◆ Exercise material:
▽
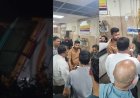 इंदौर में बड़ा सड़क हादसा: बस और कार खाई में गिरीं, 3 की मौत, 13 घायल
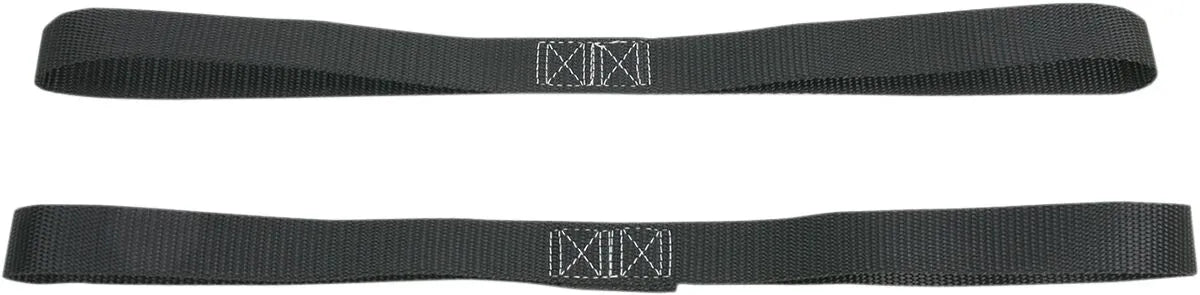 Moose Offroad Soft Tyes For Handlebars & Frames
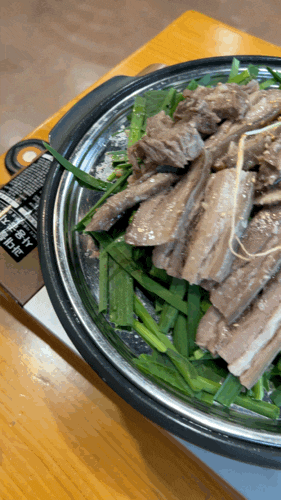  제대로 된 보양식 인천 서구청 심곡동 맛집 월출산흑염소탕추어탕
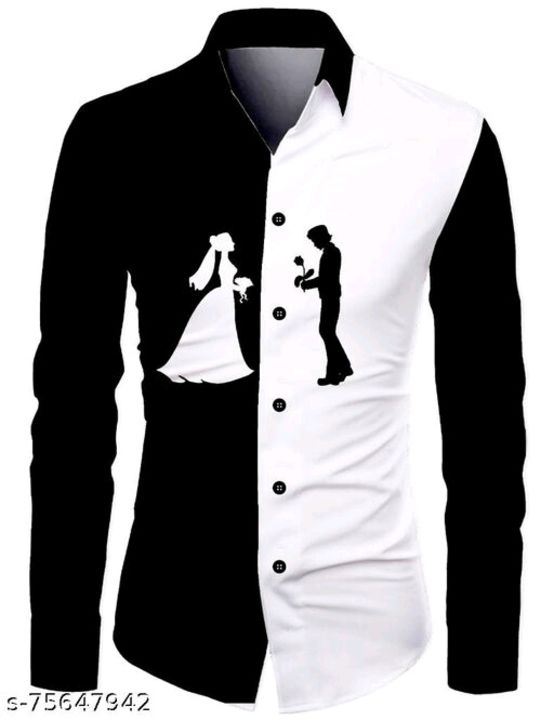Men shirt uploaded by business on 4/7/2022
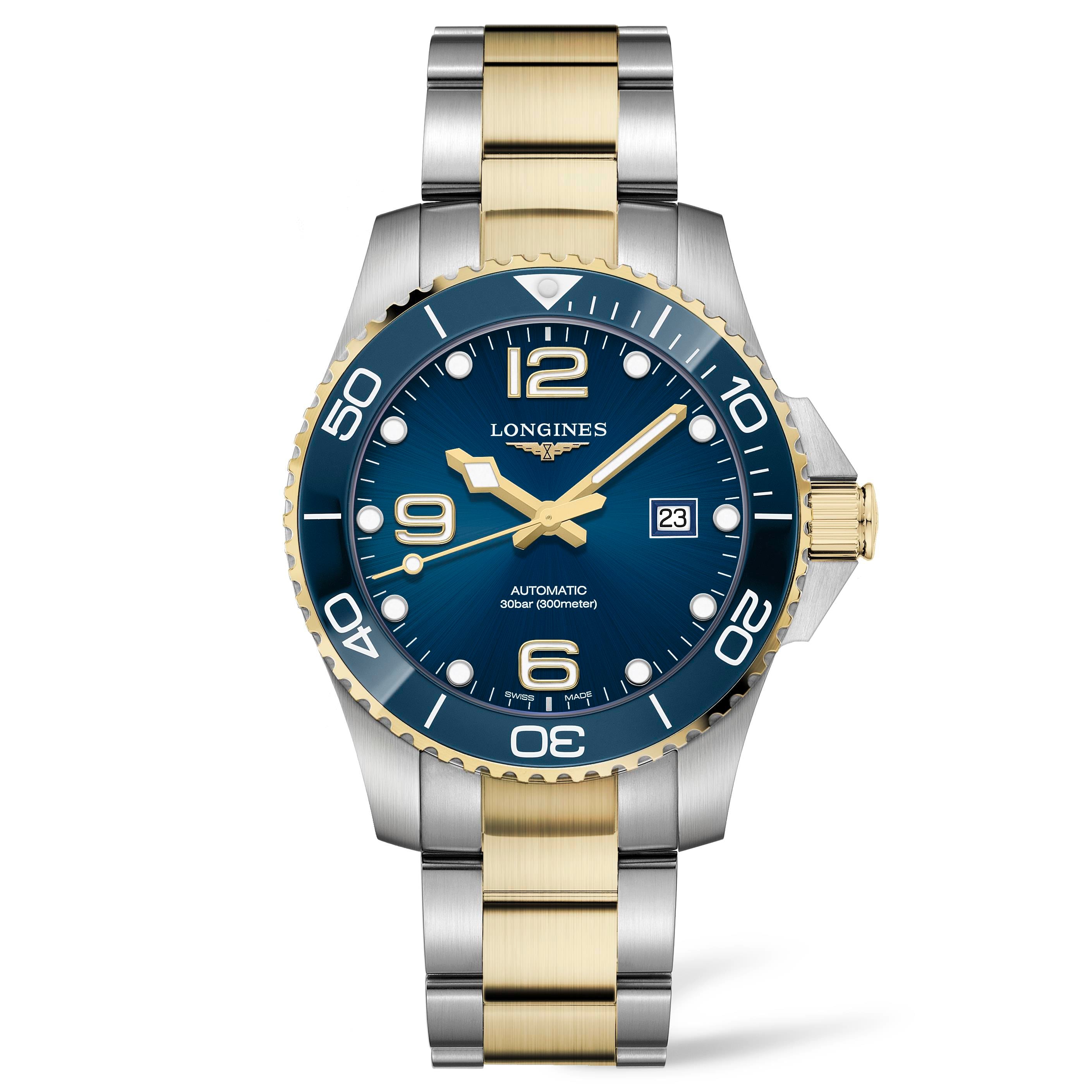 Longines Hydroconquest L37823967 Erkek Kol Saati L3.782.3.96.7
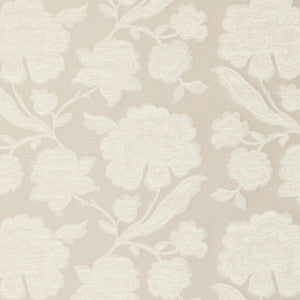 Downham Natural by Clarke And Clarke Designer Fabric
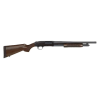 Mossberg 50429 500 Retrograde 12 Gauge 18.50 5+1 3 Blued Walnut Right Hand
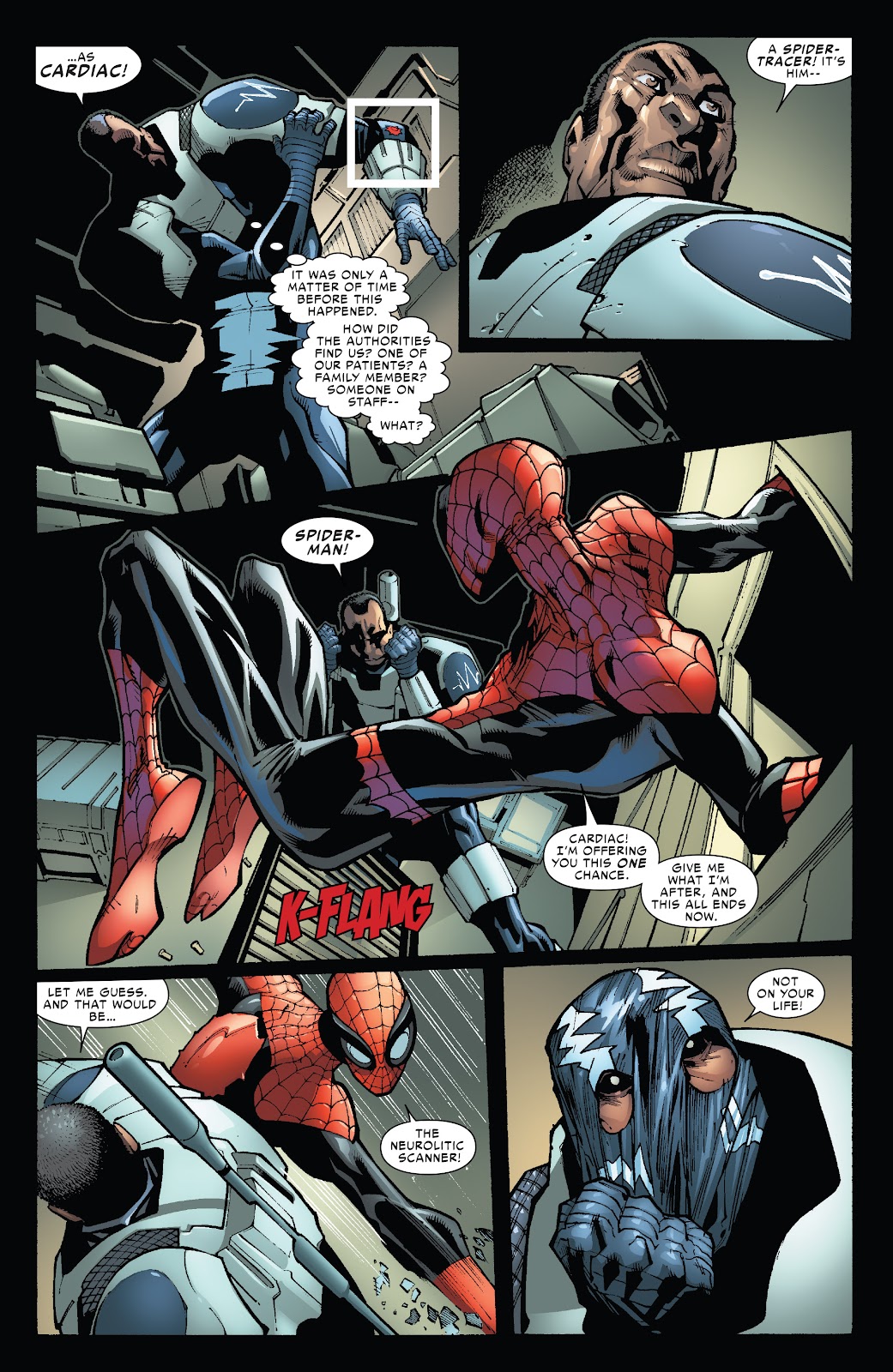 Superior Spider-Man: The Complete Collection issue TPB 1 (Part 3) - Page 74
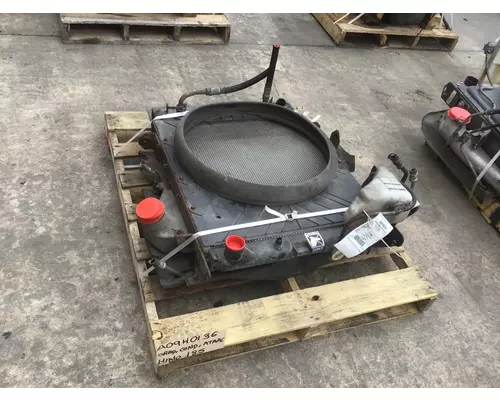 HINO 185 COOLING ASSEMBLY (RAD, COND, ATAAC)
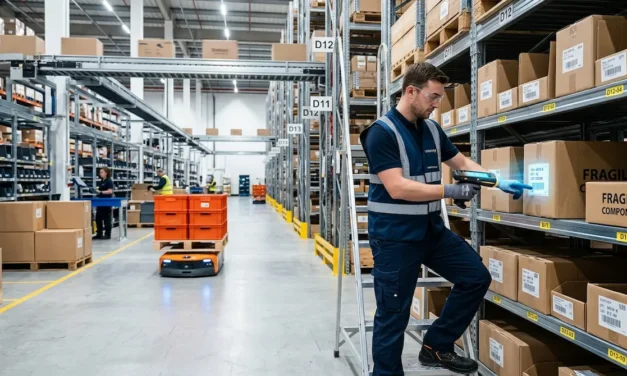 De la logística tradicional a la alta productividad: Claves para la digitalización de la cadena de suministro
△
◆ Prompt:
Copy each line above exactly, with no images.

◆ Your solution:
 इंदौर में बड़ा सड़क हादसा: बस और कार खाई में गिरीं, 3 की मौत, 13 घायल
 Moose Offroad Soft Tyes For Handlebars & Frames
  제대로 된 보양식 인천 서구청 심곡동 맛집 월출산흑염소탕추어탕
Men shirt uploaded by business on 4/7/2022
 Longines Hydroconquest L37823967 Erkek Kol Saati L3.782.3.96.7
 Downham Natural by Clarke And Clarke Designer Fabric
 Mossberg 50429 500 Retrograde 12 Gauge 18.50 5+1 3 Blued Walnut Right Hand
 Superior Spider-Man: The Complete Collection issue TPB 1 (Part 3) - Page 74
 HINO 185 COOLING ASSEMBLY (RAD, COND, ATAAC)
 De la logística tradicional a la alta productividad: Claves para la digitalización de la cadena de suministro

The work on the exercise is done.